Wrenna Robson (Nov 15 2024 at 17:30):

As I say, I had variable {n : Nat} much further above, and that was causing it to "work" (but you can see why actually it doesn't so much work)

Edward van de Meent (Nov 15 2024 at 17:30):

out of curiosity, why does removing the Nat parameter fix this issue?

Wrenna Robson (Nov 15 2024 at 17:31):

Well, it makes my above example not work, so it doesn't so much fix it as reveal that my "fix" was not.

Wrenna Robson (Nov 15 2024 at 17:31):

The mutual definition above does work, but might be somewhat unwieldy.

Edward van de Meent (Nov 15 2024 at 17:31):

it turns out i just need to read through your message more carefully: because Nat is an index here, and as you said, lean doesn't manage nested indexed inductives.

Wrenna Robson (Nov 15 2024 at 17:35):

Essentially the issue arises because I am constructing the tree "downwards" rather than upwards.

In the application, I am trying to prove that calculating the hash of a tree with 2^n leaf nodes in the "natural" recursive way (if n = 0, done, otherwise split into two halves, calculate their hashes, find hash of the result) is the same as using a "stack" (as the reference implementation of treeHash does).

Wrenna Robson (Nov 15 2024 at 17:36):

The difference essentially is that you massively save on storage space, because you only actually need to store ~ n things at once, rather than 2^n things.

Wrenna Robson (Nov 15 2024 at 17:36):

Basically you calculate hashes "when you need them", adding a leaf at a time.

Arthur Adjedj (Nov 15 2024 at 17:37):

I mean, to be clearer, Lean does manage some instances of nested indexed inductive types. Namely, as long as the indices appearing in the nested occurences do not contain free variables (read: variables introduced in the constructor itself), then it's all good, but it won't manage it if free variables are appearing in the indices. Since in @Wrenna Robson's example, the n appearing in the index is introduced as a parameter, Lean doesn't complain, despite the fact that it is indeed a nested indexed inductive types.

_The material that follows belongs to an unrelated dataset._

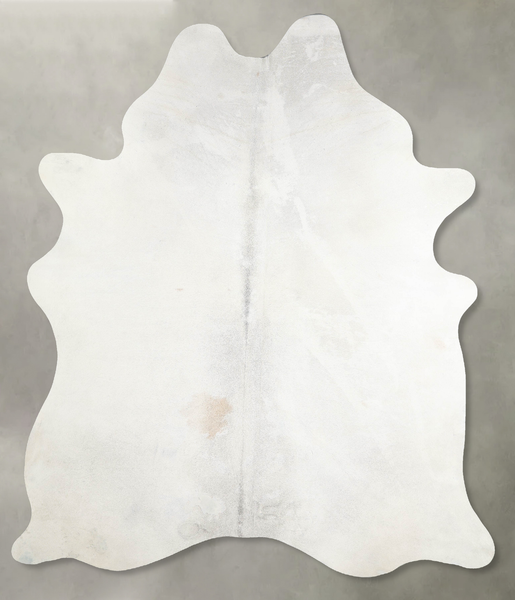 Light Grey Cowhide Rug #A53898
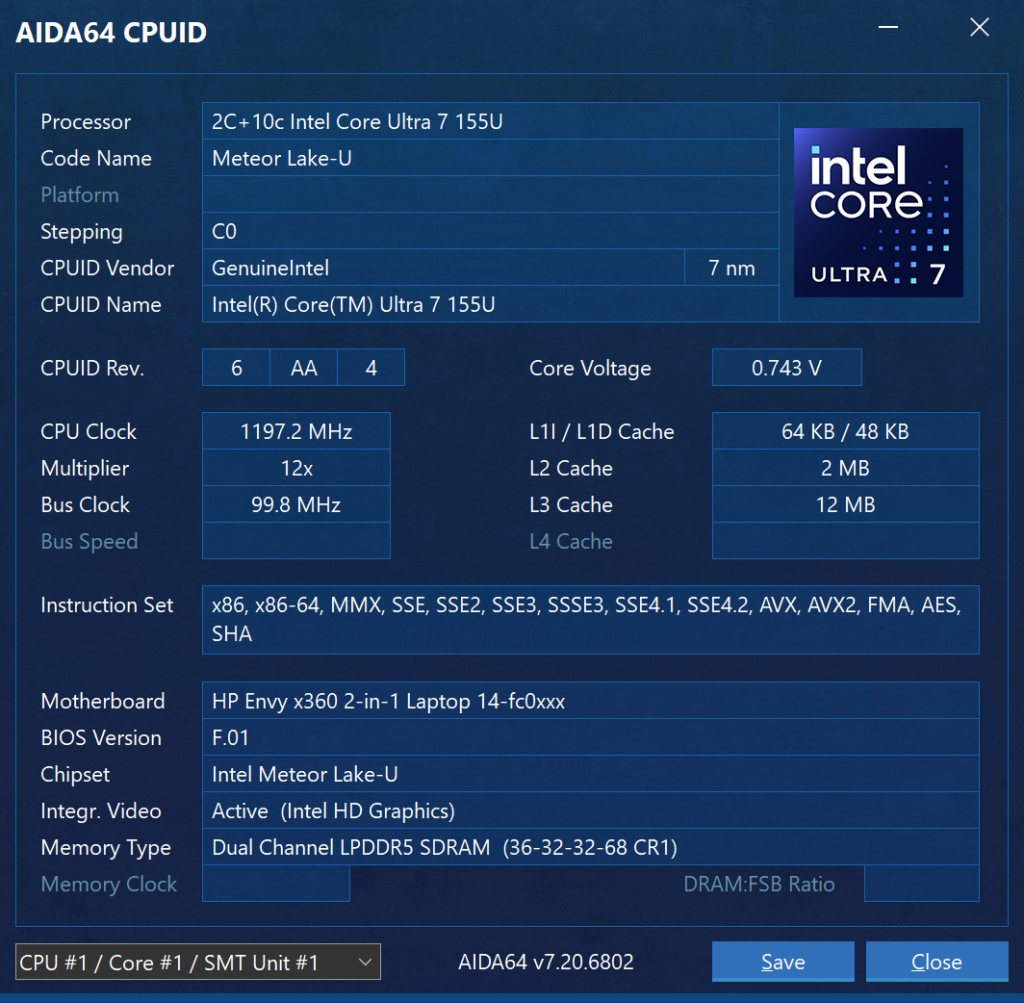 CPU-Z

Wrenna Robson (Nov 15 2024 at 17:37):

This turns out to sort of be analogous to binary number succession (you can model your stack as a list of Option types and basically adding a new leaf and calculating any new hashes is analogous to adding 1 to the binary number and doing the carries).

Wrenna Robson (Nov 15 2024 at 17:37):

And it's really surprisingly hard to prove them equivalent despite the fact it's "obviously" true.

Edward van de Meent (Nov 15 2024 at 17:38):

Wrenna Robson said:

Essentially the issue arises because I am constructing the tree "downwards" rather than upwards.

in that case, i still don't get why you want the "depth" value to be constant over the construction?

Wrenna Robson (Nov 15 2024 at 17:38):

I don't, I want it to descend.

Wrenna Robson (Nov 15 2024 at 17:38):

Hence the n + 1. But it may not be the right choice.

Arthur Adjedj (Nov 15 2024 at 17:38):

If you're expected to work with 2^n leaves, wouldn't you want your node to be of type BTree β n → BTree β n → BTree β (n + 1) ?

Wrenna Robson (Nov 15 2024 at 17:39):

Yeah so obviously that does work (and is what I had before) - the thing is that I want to allow for "truncated" trees, or unknown trees - basically to represent when I've not loaded in all the leaves.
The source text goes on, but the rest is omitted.